The country is in the midst of a post-election “gold rush”, according to one senior investment banker at a global institution in Mumbai. “There aren’t enough hours in the day to have meetings with people who want to talk about raising money,” he says.
Capital markets in Asia’s third-largest economy have long been in a rut. Just $4.7bn of new equity has been raised over the past six months, according to data group Dealogic. That is roughly half the level at this stage in 2013, another weak year, and far below bumper periods such as 2010, which pulled in around $25bn overall.
This lengthy fallow spell partly explains India’s new optimism, however. “There is major pent up equity demand,” says Vedika Bhandarkar, head of investment banking at Credit Suisse in Mumbai. “Investors are feeling much more bullish . . . Over the next six to 12 months there will be substantial new equity raising.”
Early signs of life arrived soon after May’s poll. Shares hit all-time highs, prompting Yes Bank, a private sector bank, and Idea, a mobile telecoms group, to raise about $500m each from institutional investors.
Saurabh Mukherjea at broker Ambit Capital says he now expects half a dozen further institutional placements in the run up to Mr Modi’s inaugural budget in early July, ranging between $100m and $200m.
A number of heavily indebted industrial conglomerates are quietly sounding out investors for larger infusions, too, including power and energy group Adani, and Reliance Communications, the telecoms flagship of billionaire Anil Ambani.
The same is true for various public sector banks, many of which are struggling to meet strict new capital norms. Rana Kapoor, founder of Yes Bank, told the Financial Times last week that Indian companies could raise as much as $5bn by October, an improvement on recent years, although still far from “gold rush” territory.
May 26, 2014: Narendra Modi swept to power in the biggest elections India – and the world – have ever seen. Martin Wolf, FT chief economics commentator, talks to John Authers about the critical questions for the country’s economy and the implications for markets.
Such hopes first require further action from Mr Modi, who has so far provided few details about planned economic reforms. These are expected in next month’s budget, and could in turn filter through into corporate valuations, especially in struggling sectors such as power and infrastructure.
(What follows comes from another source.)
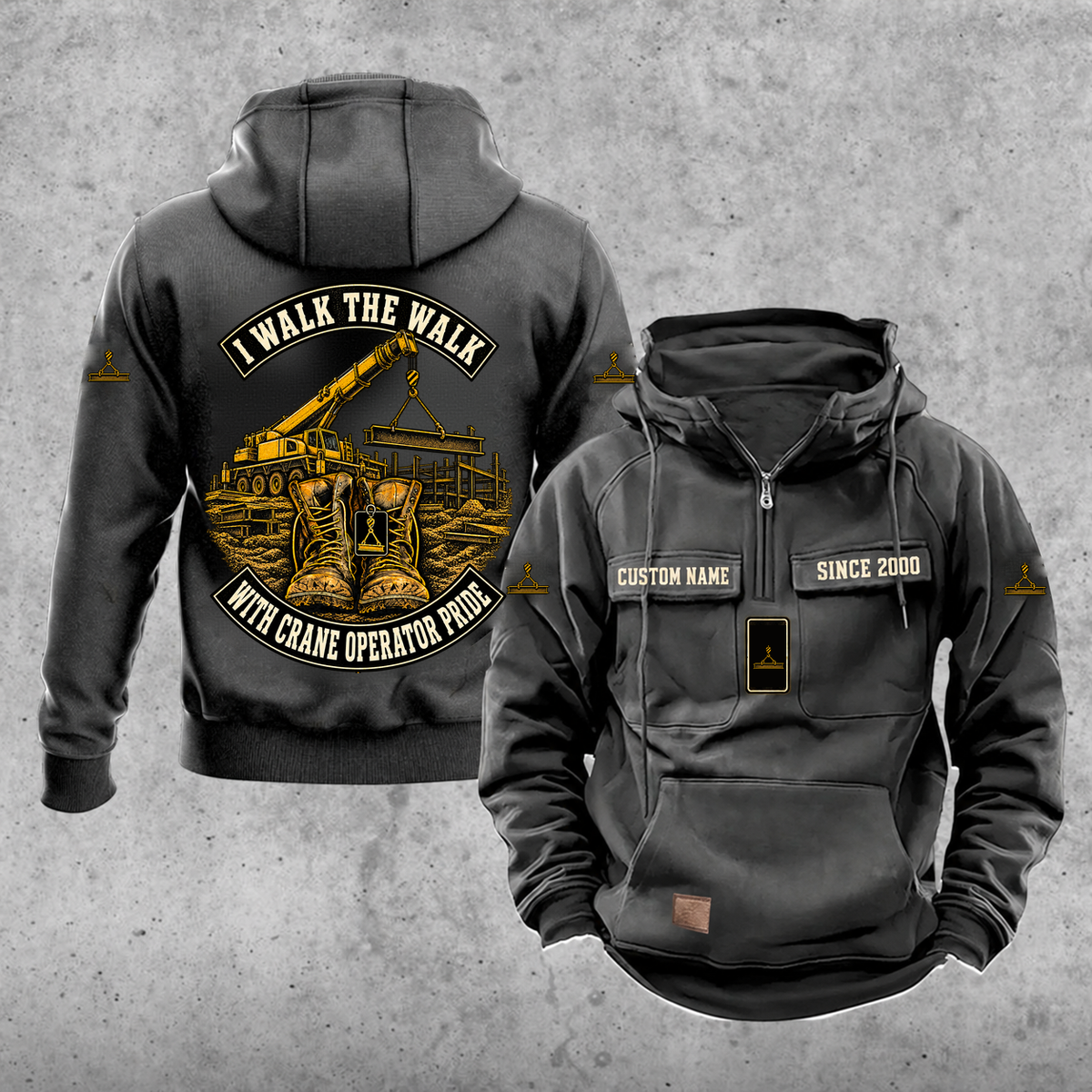 Crane Operator Walk the Walk Badge Vintage Hoodie in Dark Gray, front and back, with work boots and a mobile crane lifting a steel beam by cable hook and two-leg sling, matching sleeve and chest emblems, and illustrative CUSTOM NAME and SINCE 2000 text.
A jump in foreign capital inflows has also been partly responsible for India’s bullish mood. Tapping further new sources of international money could provide a second crucial step for a revival of Indian primary markets, and especially initial public offerings, says Ayaz Ebrahim, head of Asian equities at French asset manager Amundi.
“This thing is really going to take off when those big global endowment and pension funds say we want to allocate separate chunks of money to India, and that is starting to happen,” he says.
One indication came on Monday, when the Canada Pension Plan Investment Board, a large Canadian fund with C$219bn in assets, confirmed plans to invest $166m in a division of Larsen & Toubro, India’s largest infrastructure group.
CPPIB’s move is part of a growing interest from sovereign and other long-term funds, attracted by prospects of an upturn in India’s economy, which could in turn provide renewed appetite for equity issuances.
Victor Mallet gauges mood among business leaders
One test of that demand will come whenever one of India’s many struggling industrial groups – long out of favour with investors – tests the market, as part of a drive to patch up its balance sheet.
Mr Modi’s government is itself likely to provide another. India raised less than half of a $9bn target to sell-off equity in government assets last year. Now its new prime minister looks set to launch a renewed push to sell-off stakes in large public sector businesses, including mining company Coal India.
Overall, India’s market recovery remains fragile. Any further increase in oil prices could dent valuations, as could a weak monsoon.
But after years of slowing growth and political drift, the return of companies seeking fresh funds for new ventures, rather than just to patch up old mistakes, will be the most important test of all, says Sunil Sanghai, head of global banking at HSBC in India.
“The real kicker in the capital market will come with the announcements of new projects either from the government or from the private sector,” he says. “There is a lot of long money abroad that is waiting to come in. The problem is not one of demand, the problem is one of supply.”